Task objective -> Below are some records. Retype exactly the lines from the one containing "2015 fred 1500" through the one containing "Mug Modern Pink", both included, skipping every picture.

Dataset records ->
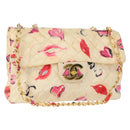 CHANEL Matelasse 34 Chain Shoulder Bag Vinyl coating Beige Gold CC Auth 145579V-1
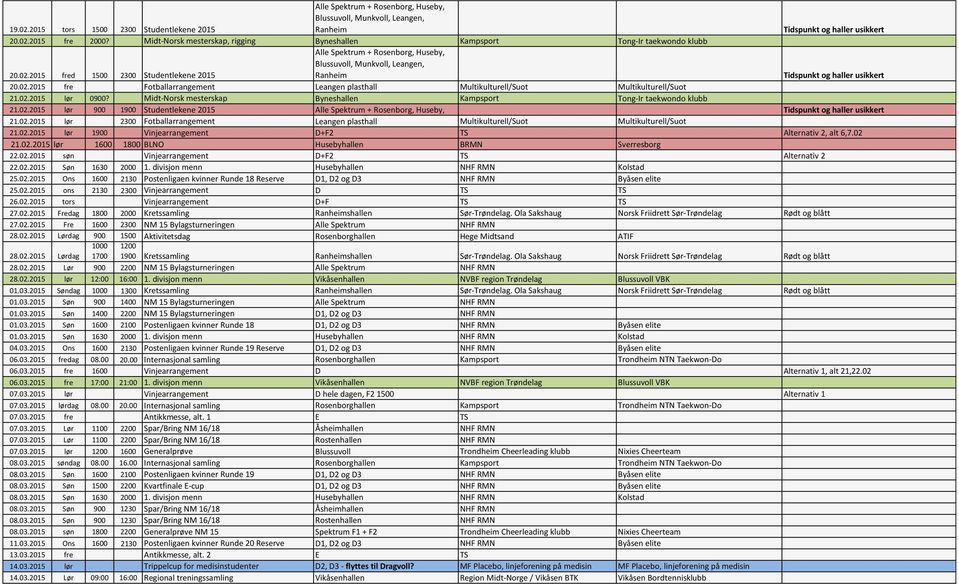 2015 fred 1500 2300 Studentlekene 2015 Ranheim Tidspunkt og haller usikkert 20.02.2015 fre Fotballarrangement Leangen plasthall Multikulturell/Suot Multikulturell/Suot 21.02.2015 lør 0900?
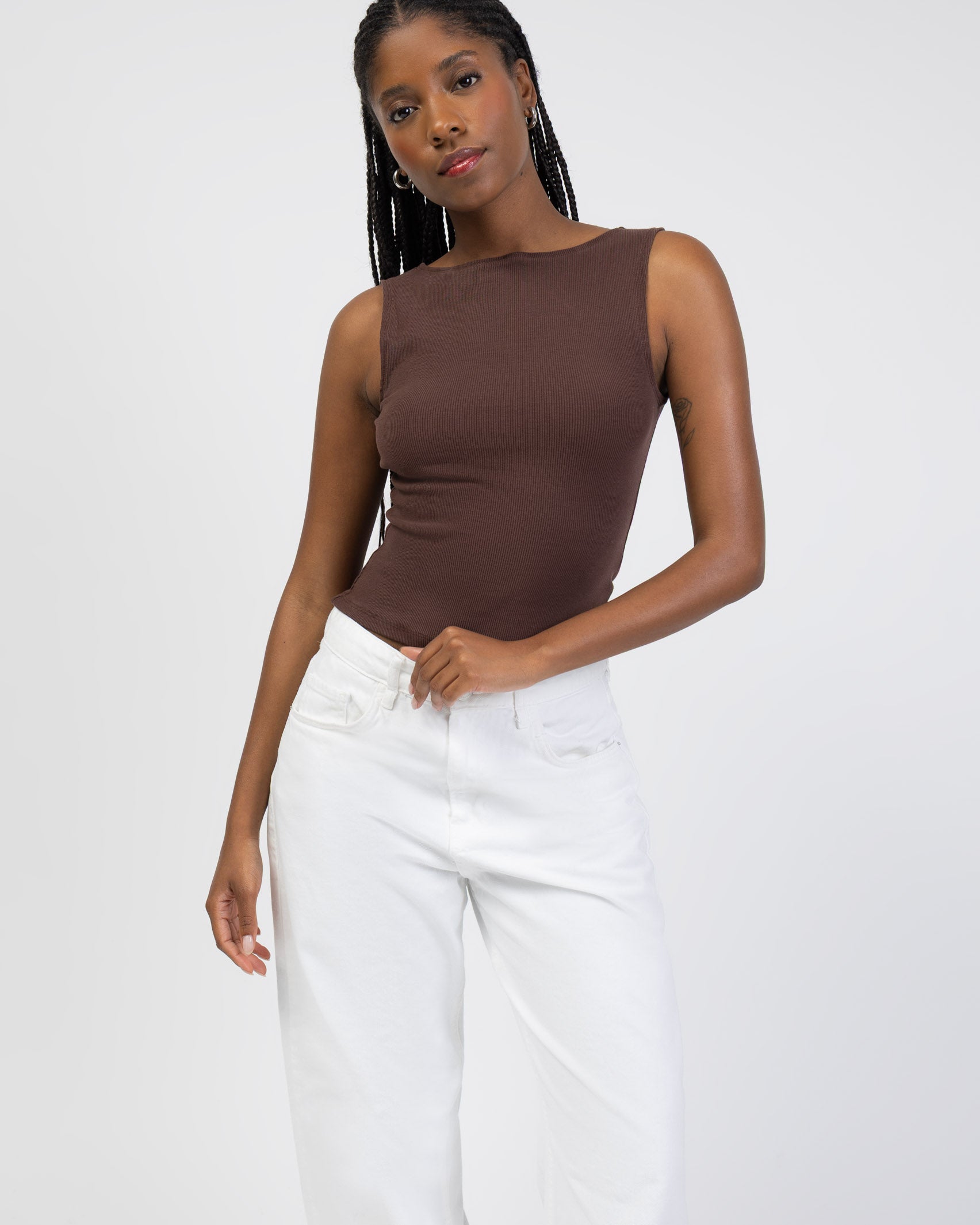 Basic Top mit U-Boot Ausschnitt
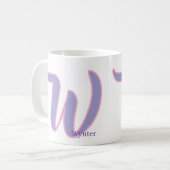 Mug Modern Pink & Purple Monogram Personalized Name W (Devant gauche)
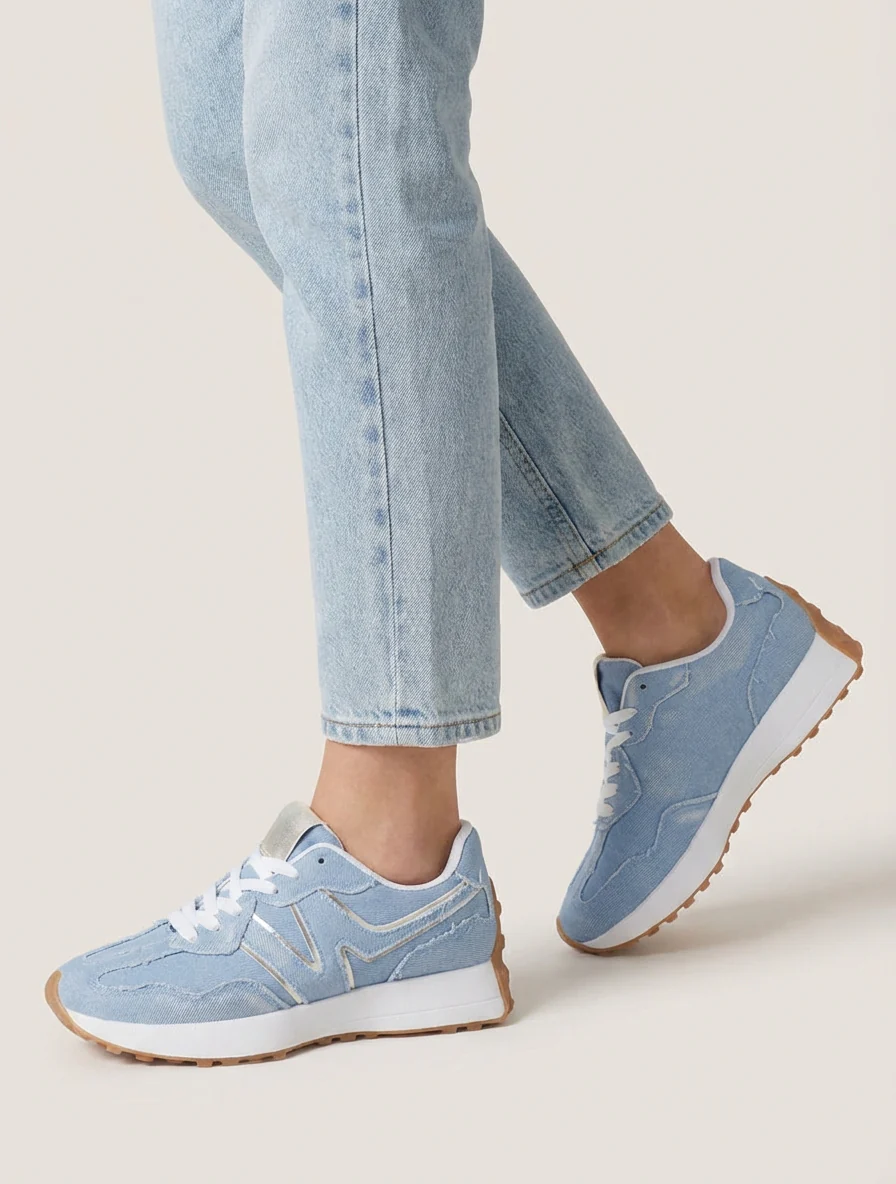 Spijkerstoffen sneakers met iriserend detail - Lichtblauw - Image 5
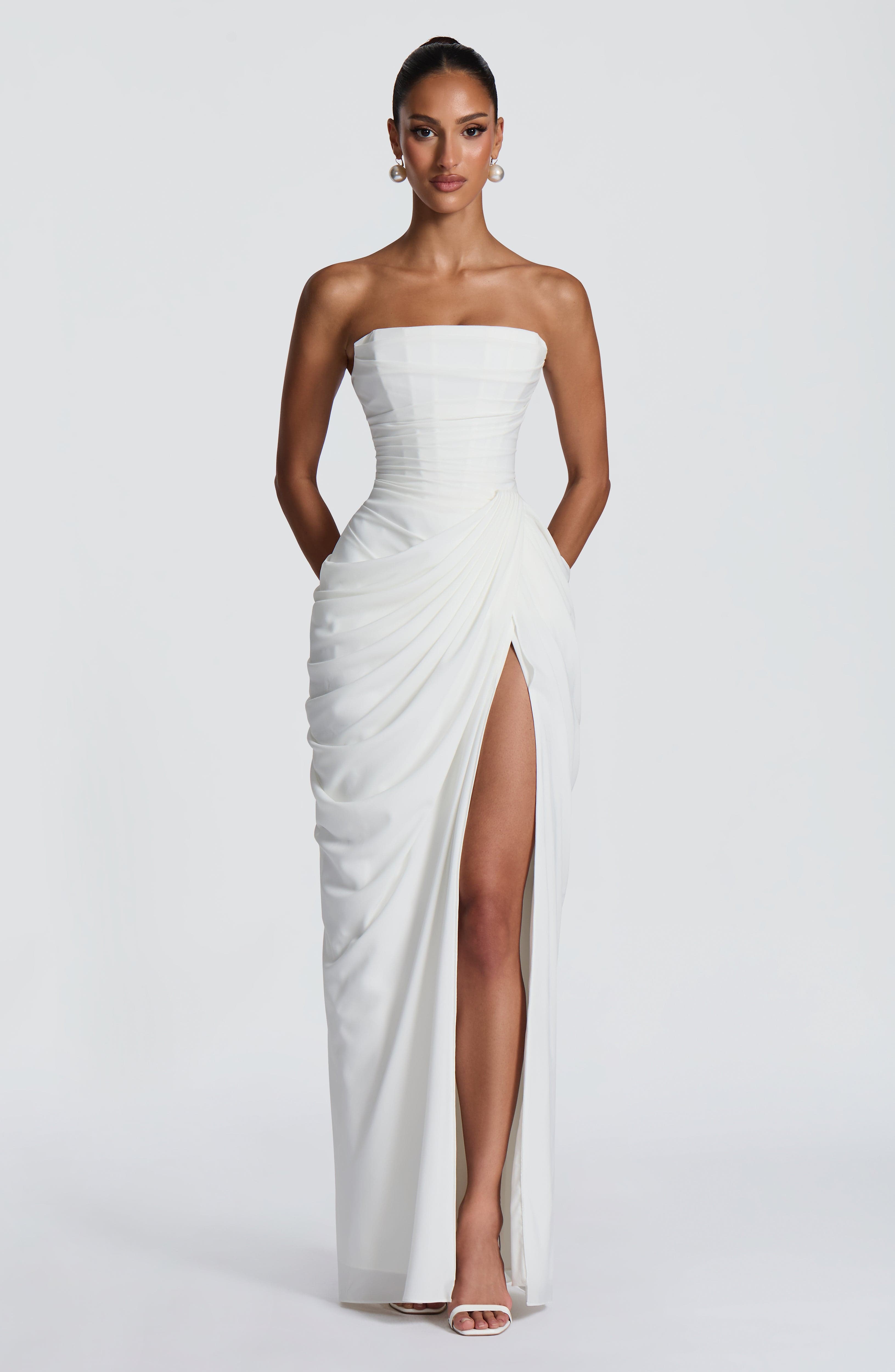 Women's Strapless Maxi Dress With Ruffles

---

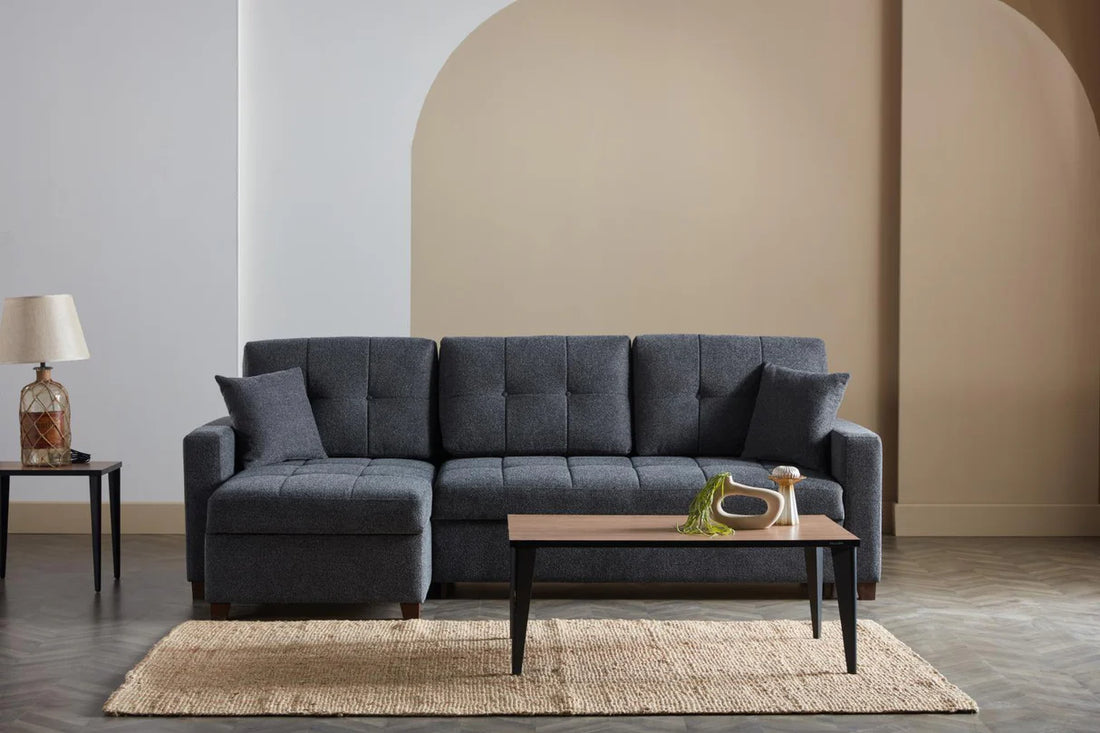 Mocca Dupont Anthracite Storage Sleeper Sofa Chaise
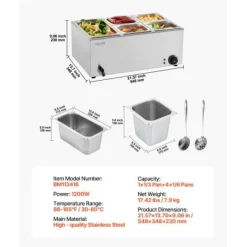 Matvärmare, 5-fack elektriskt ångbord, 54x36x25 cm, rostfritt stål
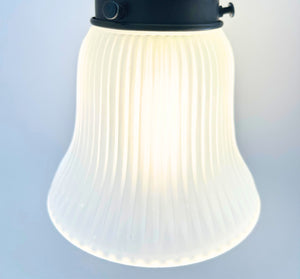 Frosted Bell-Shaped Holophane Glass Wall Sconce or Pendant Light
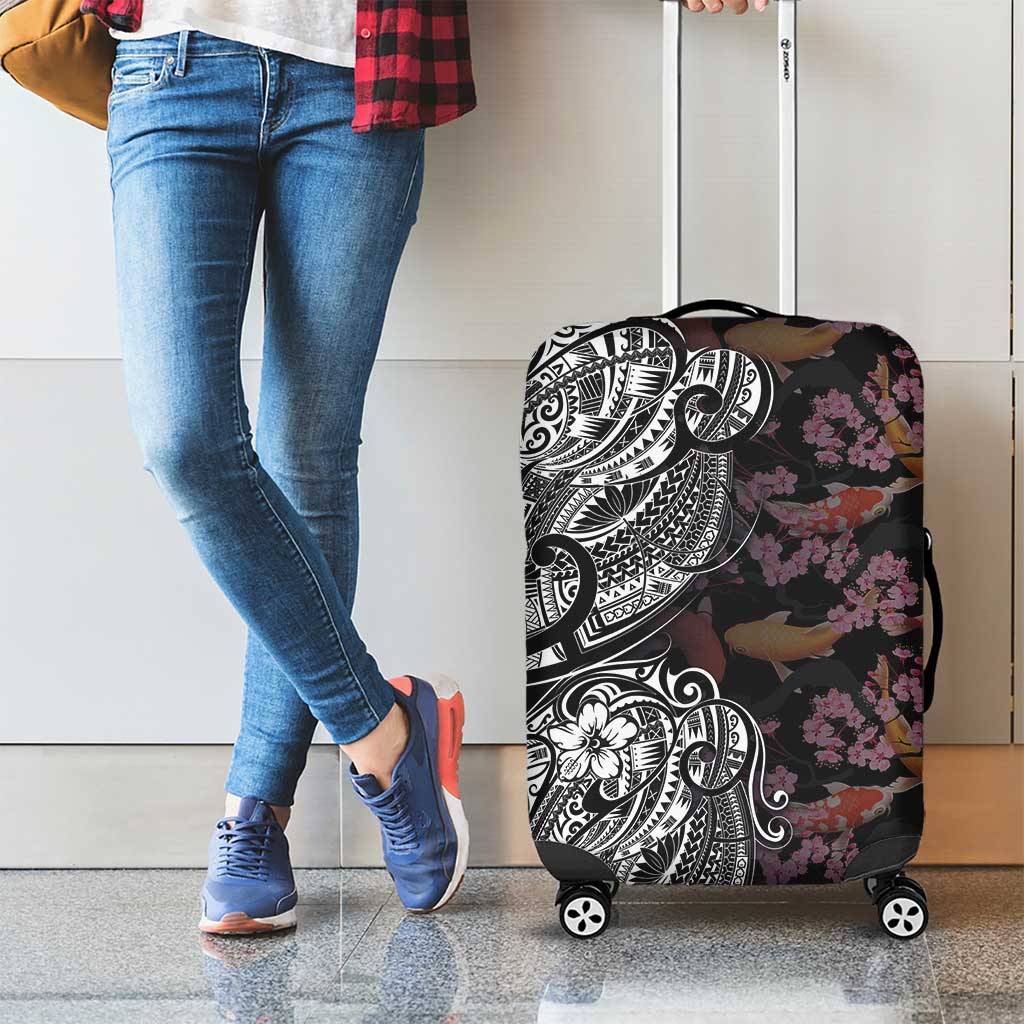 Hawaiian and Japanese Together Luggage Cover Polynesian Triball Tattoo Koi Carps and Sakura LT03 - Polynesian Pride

* * *

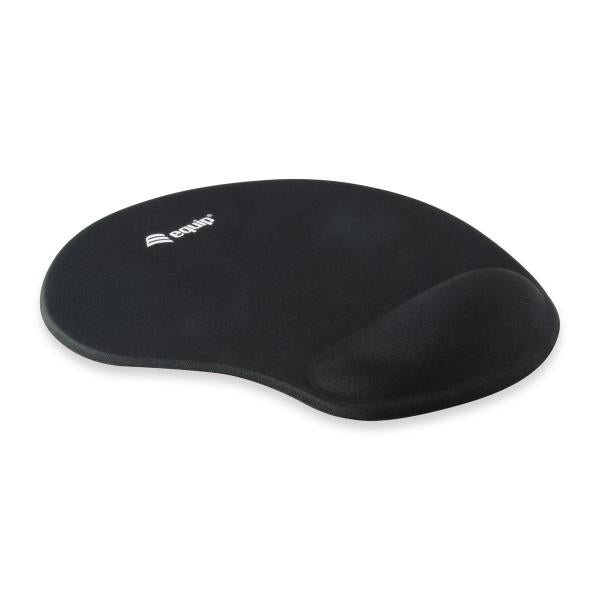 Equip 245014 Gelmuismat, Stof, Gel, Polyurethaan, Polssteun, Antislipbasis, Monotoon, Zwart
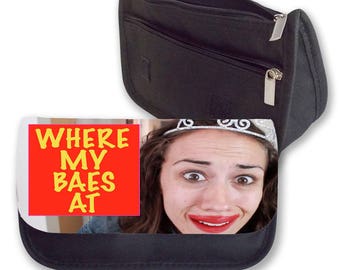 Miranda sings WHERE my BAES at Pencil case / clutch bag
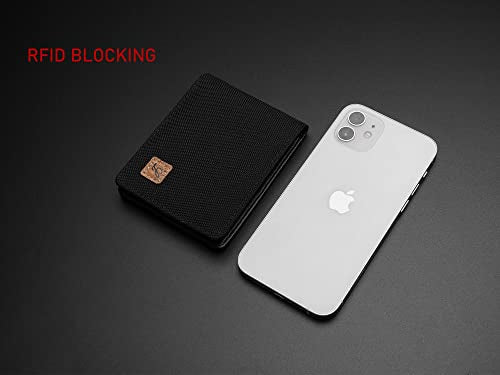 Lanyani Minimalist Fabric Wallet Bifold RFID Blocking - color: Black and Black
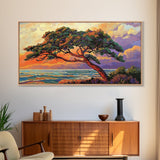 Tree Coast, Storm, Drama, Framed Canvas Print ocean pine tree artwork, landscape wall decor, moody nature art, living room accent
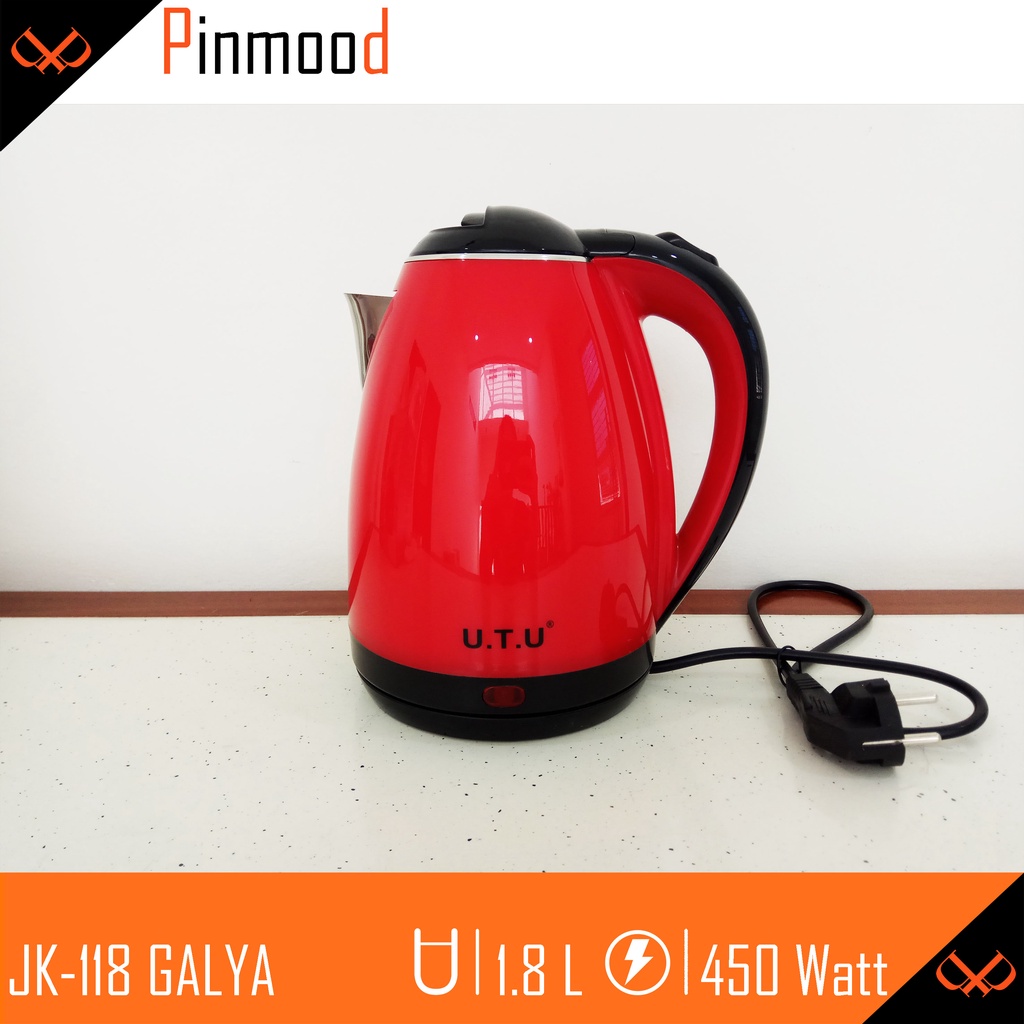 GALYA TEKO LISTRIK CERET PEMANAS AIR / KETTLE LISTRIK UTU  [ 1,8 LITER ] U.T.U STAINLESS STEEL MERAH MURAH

Your response ->
 2015 fred 1500 2300 Studentlekene 2015 Ranheim Tidspunkt og haller usikkert 20.02.2015 fre Fotballarrangement Leangen plasthall Multikulturell/Suot Multikulturell/Suot 21.02.2015 lør 0900?
 Basic Top mit U-Boot Ausschnitt
 Mug Modern Pink & Purple Monogram Personalized Name W (Devant gauche)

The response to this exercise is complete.